TASK BRIEF
The word "للبيع" marks the lines to find; copy every such line from the data below.

(Records from a dataset)
▬▬▬
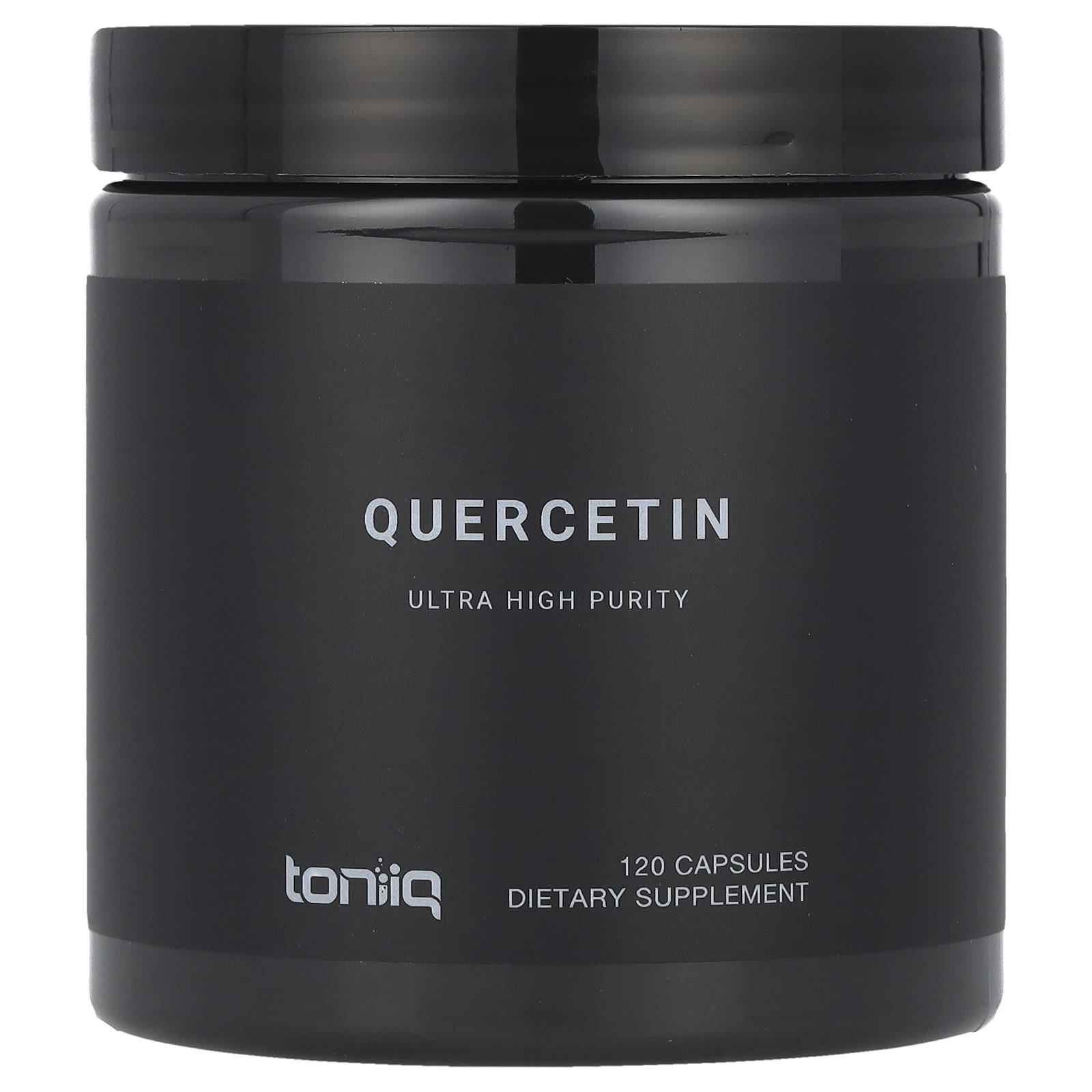 Toniiq Quercetin – 120 gélules — Tunisie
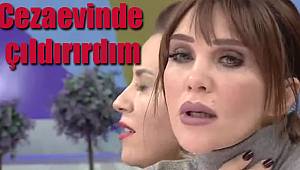 Cezaevinden çıkan Seren Serengil'den mesaj, Çıldırırdım 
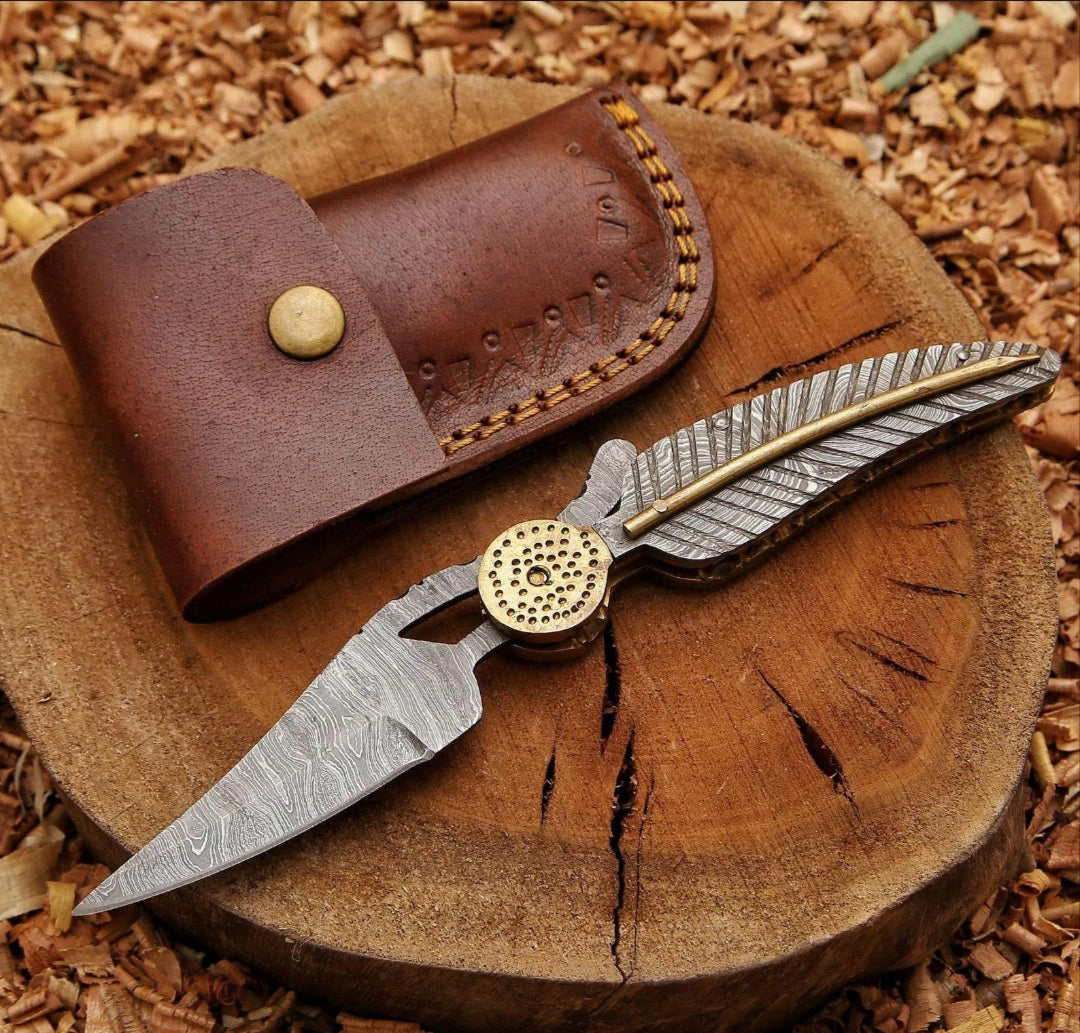 Folding knife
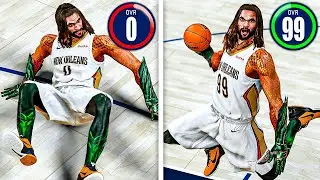 I Put Aquaman In The NBA
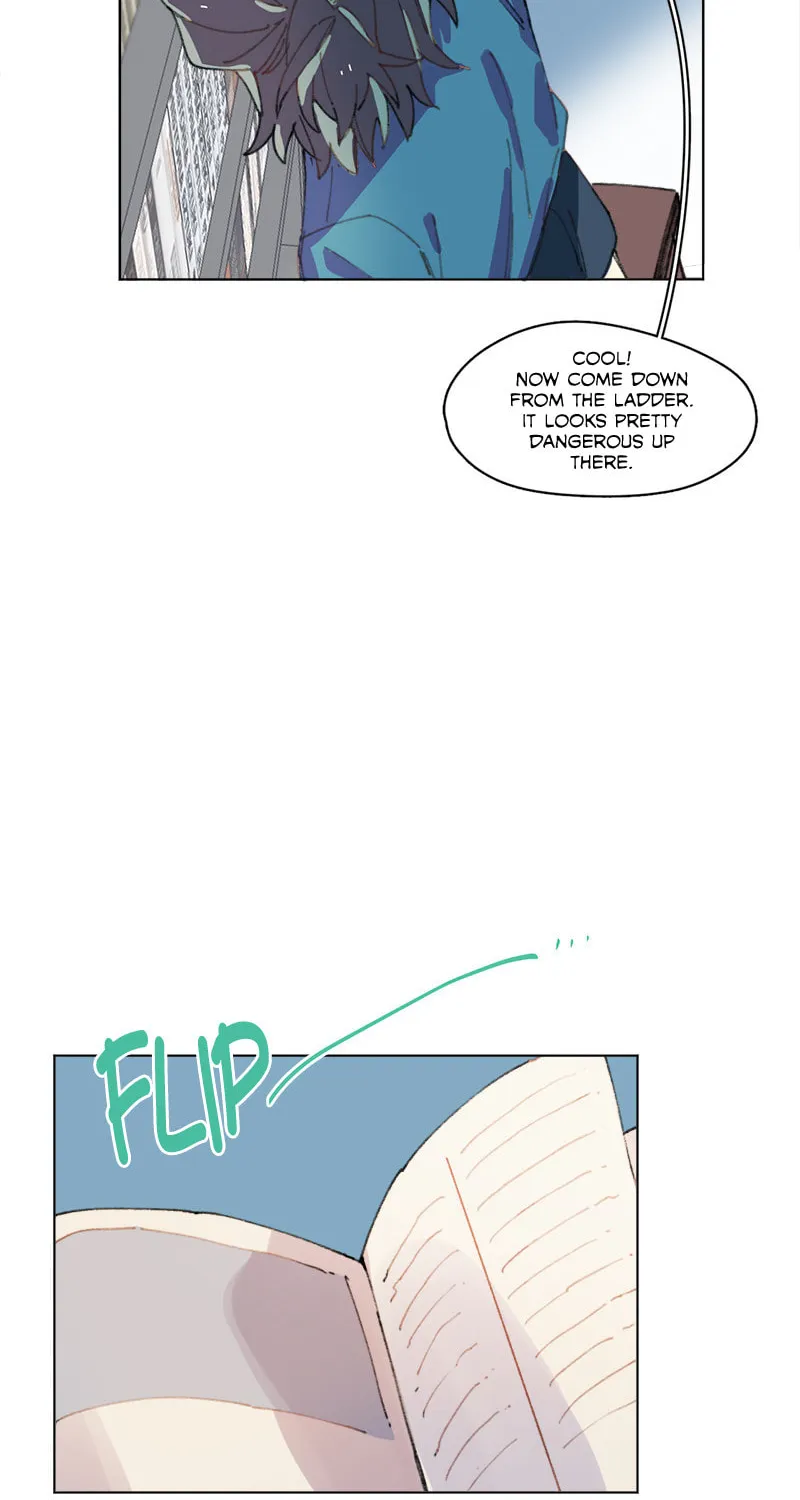 Latent Blue (Colored) Chapter 17 page 22 - 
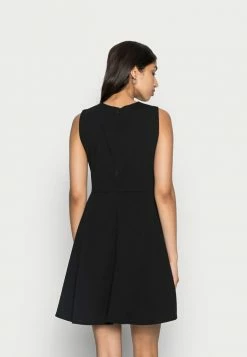 WAL G. BUST SKATER DRESS - Cocktail Dress / Party Dress - Black -WAL G. Sales Store d814cad90b664ab091aad11ed2245fbe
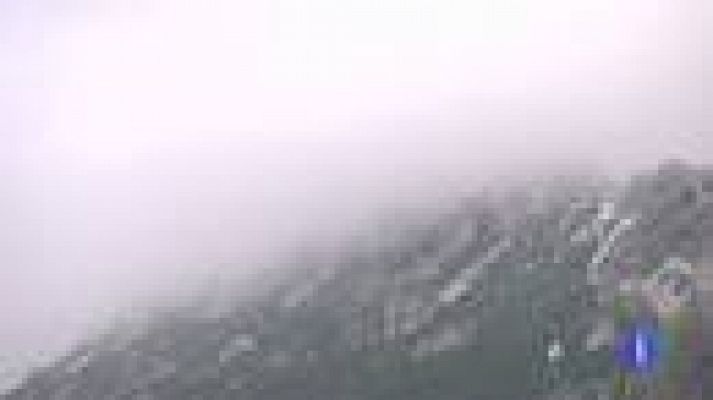 Telediario 1 - Bugarach, la montaña mágica contra el Apocalipsis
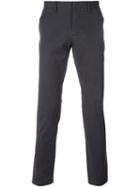 Michael Kors Classic Chinos, Men's, Size: 32, Grey, Cotton/spandex/elastane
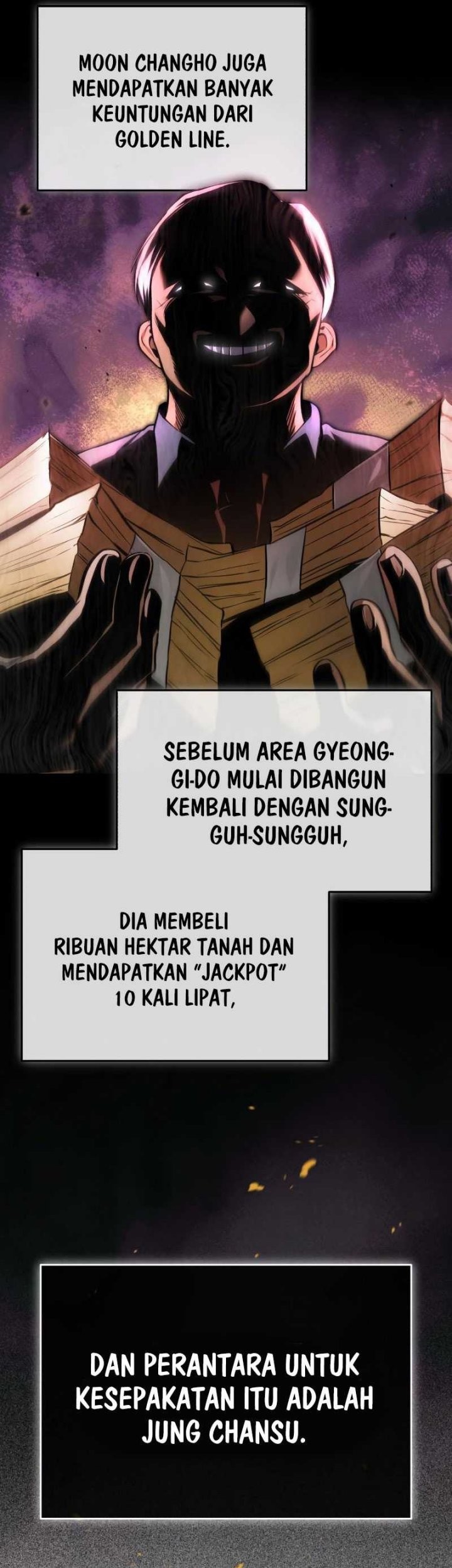 Devil Returns To School Days chapter 32 halaman 37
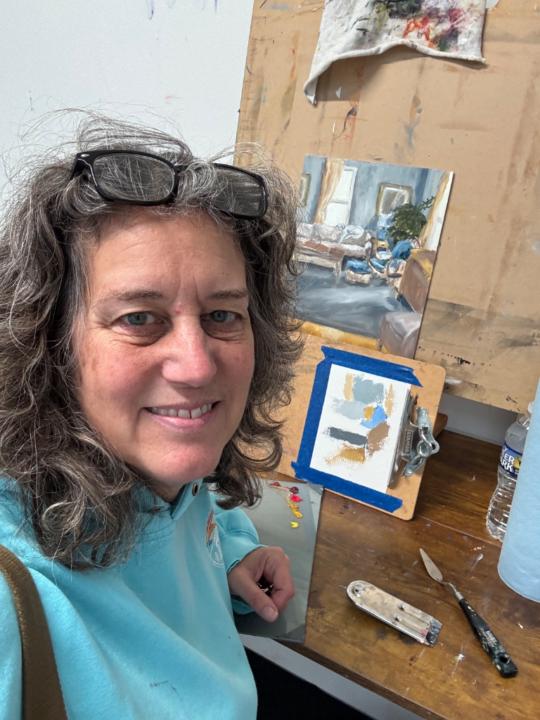 Lisa Bramhill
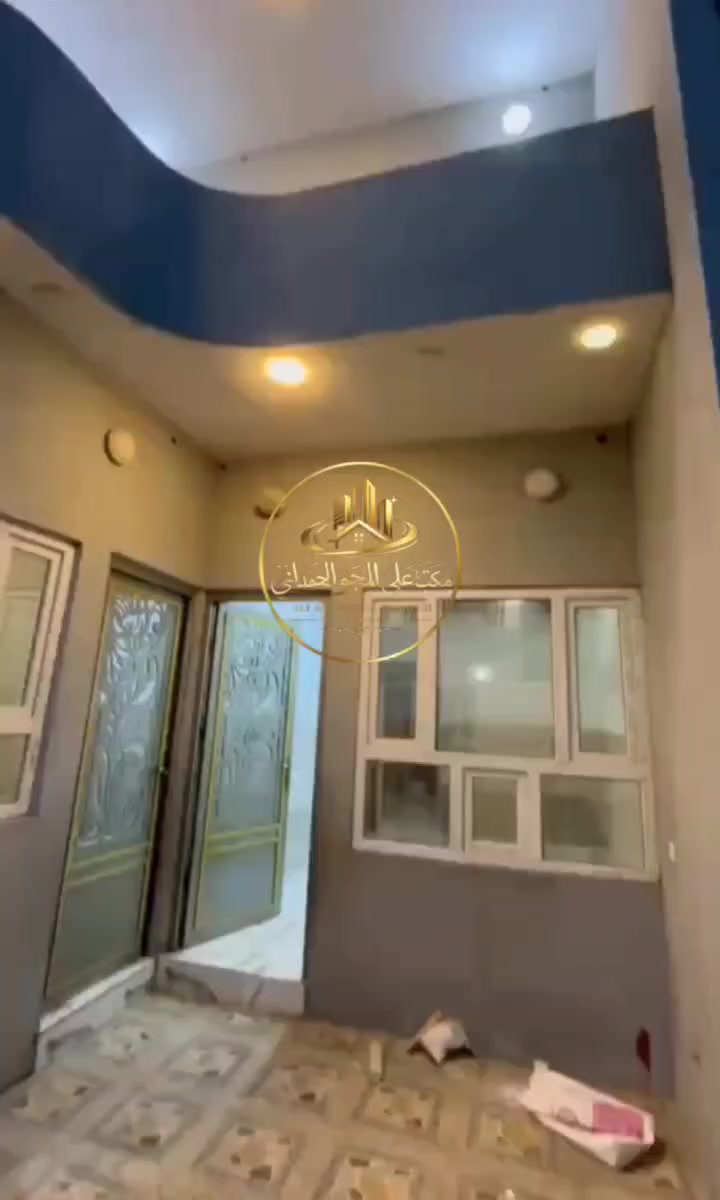 #دار_للإيجار_في_حي_الميثاق
“مع #مكتب_علي_المجو_الحمداني… عقارات للإيجار للبيع تجمع بين الموقع المميز والسعر المناسب، بالخبرة والأمان التي تستحق ثقتك. 

🪧نوع العقار : دار سكني حديث 

📍العنوان : حي الميثاق قرب مسجد القادر 

📐 المساحة : 100م

📋التفاصيل: طابق ونص ط1 غرفه صاله استقبال مطبخ خدمات ط2 غرفه بلكونه 

#بدل_الإيجار_350الف 
✍️ملاحظه:  مطلوب عائله صغيره تحافظ ع دار 

في خدمتكم دائماً، نستقبل عروضكم وطلباتكم بكل اهتمام ونقدم أحدث العروض للبيع والإيجار.
جاهزون دائماً لتلبية طلباتكم وتقديم أجدد الفرص للبيع والإيجار.


**إذا كنت صاحب هذا الإعلان وتريد حذفه لأي سبب، رجاءا أرسل رسالة إلى الدعم الفني**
▬▬▬
RESULT OF THE TASK
“مع #مكتب_علي_المجو_الحمداني… عقارات للإيجار للبيع تجمع بين الموقع المميز والسعر المناسب، بالخبرة والأمان التي تستحق ثقتك. 
في خدمتكم دائماً، نستقبل عروضكم وطلباتكم بكل اهتمام ونقدم أحدث العروض للبيع والإيجار.
جاهزون دائماً لتلبية طلباتكم وتقديم أجدد الفرص للبيع والإيجار.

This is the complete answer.